What is required: Each line of the data below between the one containing "Gather Front Button" and the one containing "Round Chaise Lounge", both included, is to be repeated exactly. Please omit pictures.

Material provided:
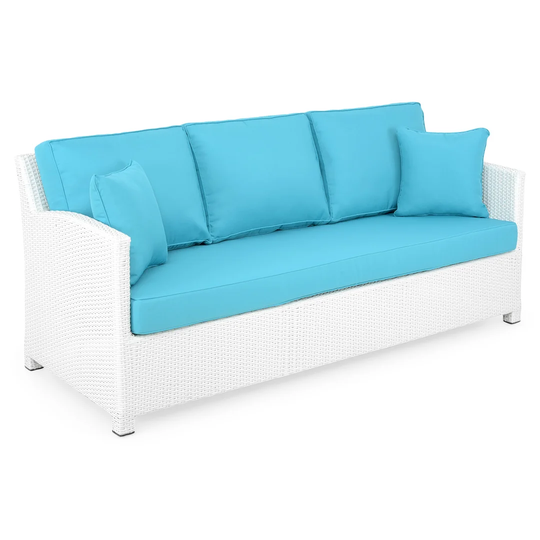 Sofa 3 Seater Farr L.185 L.80 H.85 White/turquoise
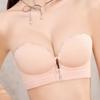 Gather Front Button Bra Female Sexy Detachable Letter Shoulder Straps Bra Top Support Anti Slip Lifting Bra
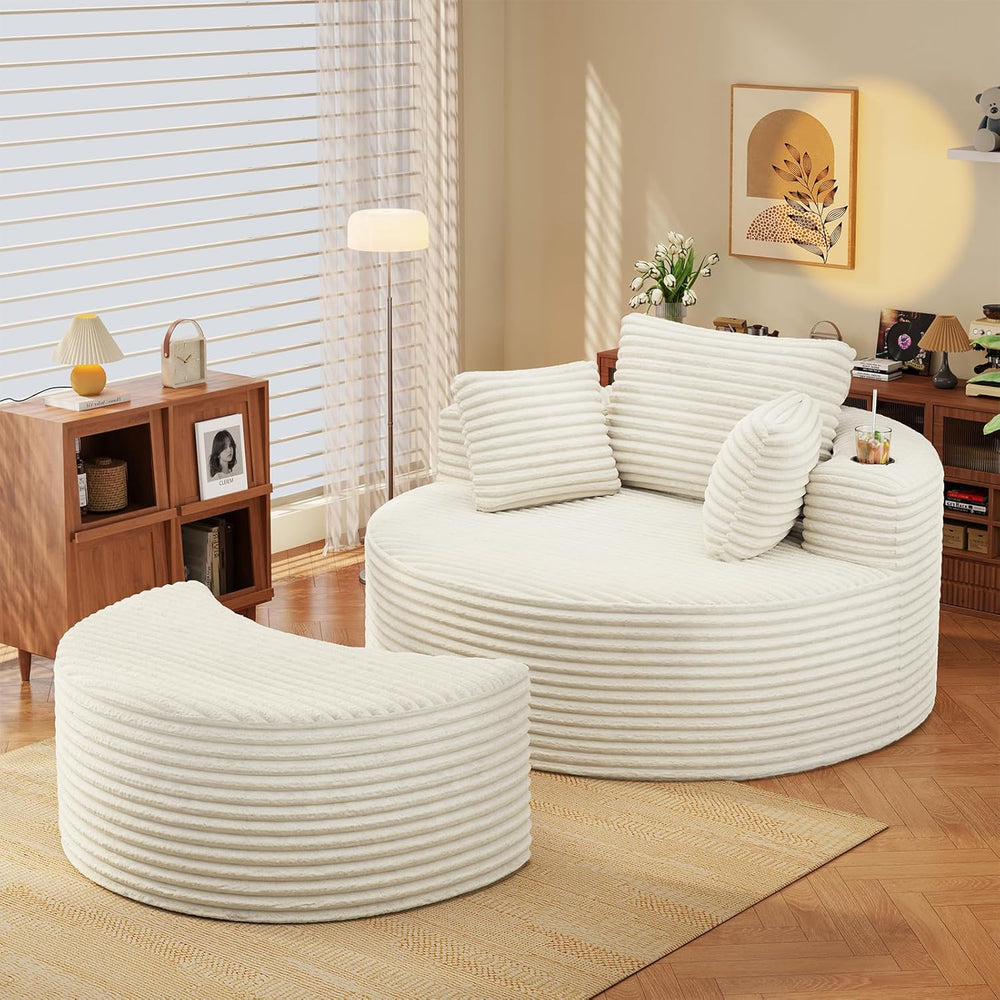 Round Chaise Lounge with Ottoman, Cloud Corduroy Curved Reading Lounge Sofa C...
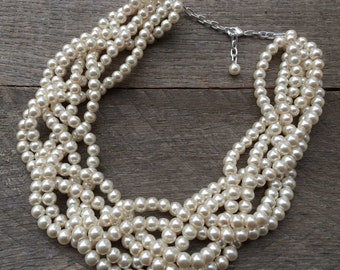Cream Ivory Pearl Statement Necklace, Multi Strand Necklace, Chunky Wedding Necklace, Braided Necklace on Silver or Gold Chain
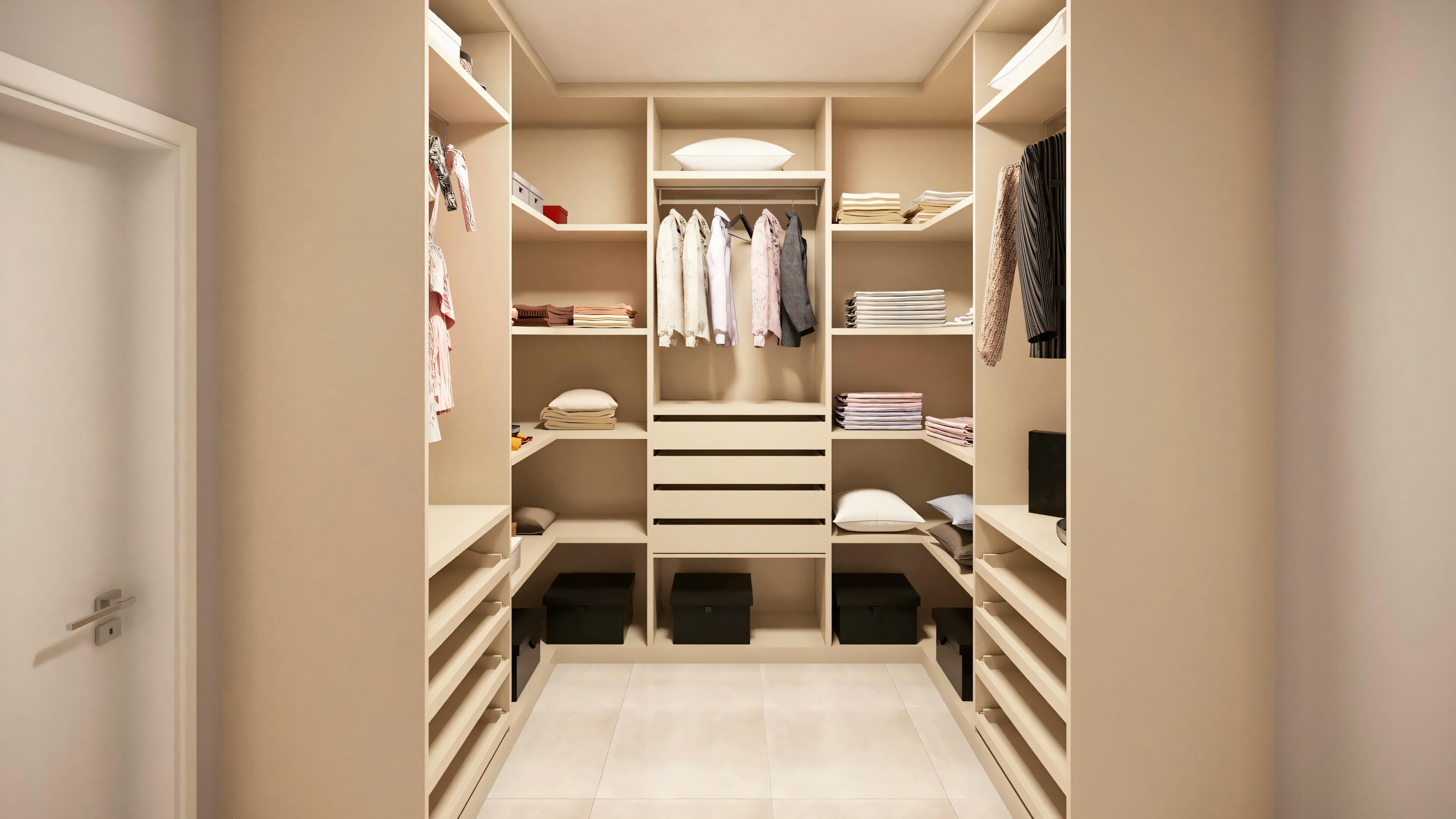 Quarto moderno com cama, cabeceira e mesas laterais.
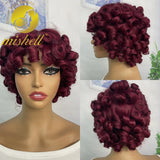 200% 99J Burgundy Bouncy Curly Human Hair Wigs with Bangs Full Machine Made Wig Afro Kinky Curly Short Bob Wigs for Black Women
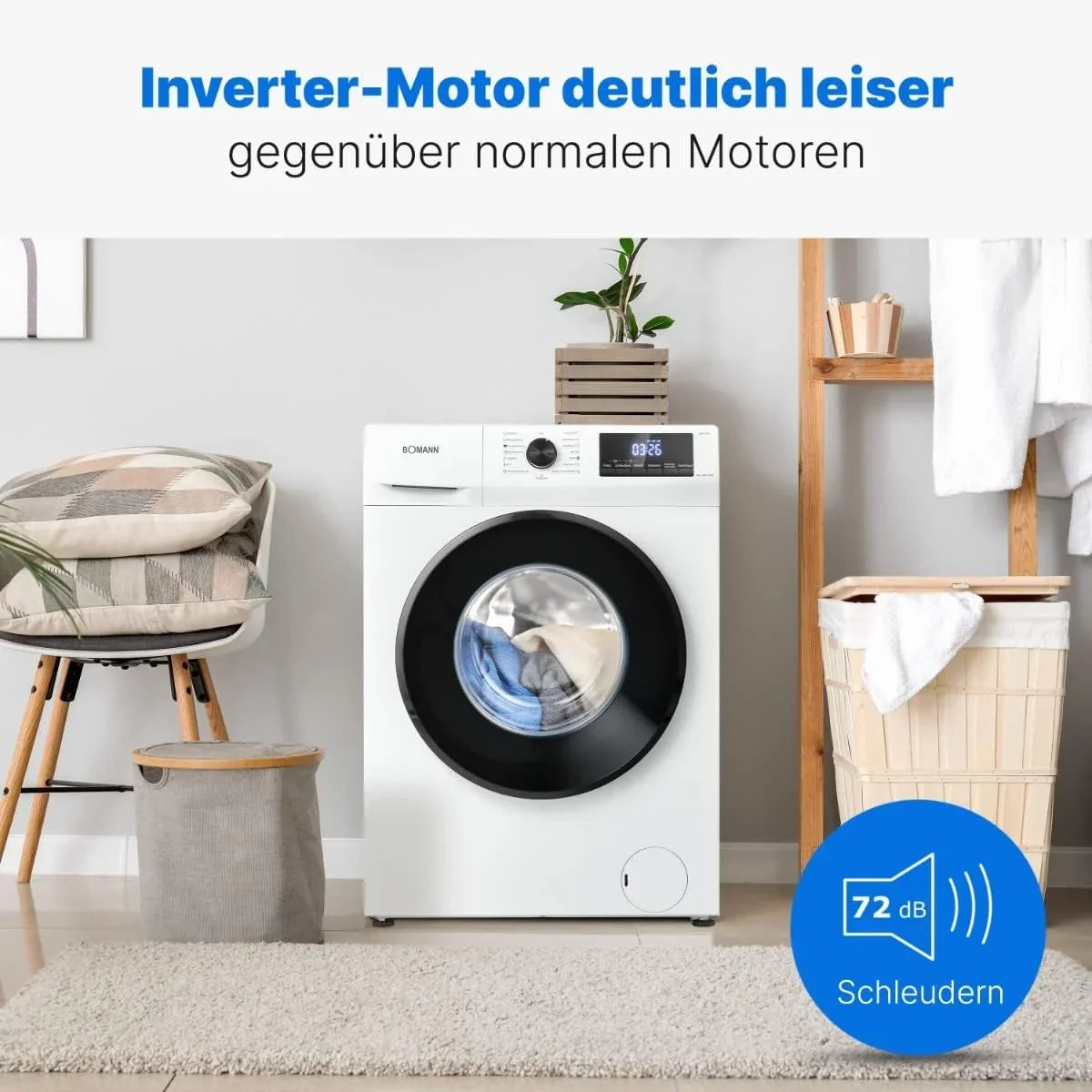 Bomann Waschmaschine 8kg | max. 1400 U/min | 10 Jahre Motor-Garantie | robuster. leiser & langlebiger Invertermotor | 15 Waschprogramme | LED-Display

Response box:
 Gather Front Button Bra Female Sexy Detachable Letter Shoulder Straps Bra Top Support Anti Slip Lifting Bra
 Round Chaise Lounge with Ottoman, Cloud Corduroy Curved Reading Lounge Sofa C...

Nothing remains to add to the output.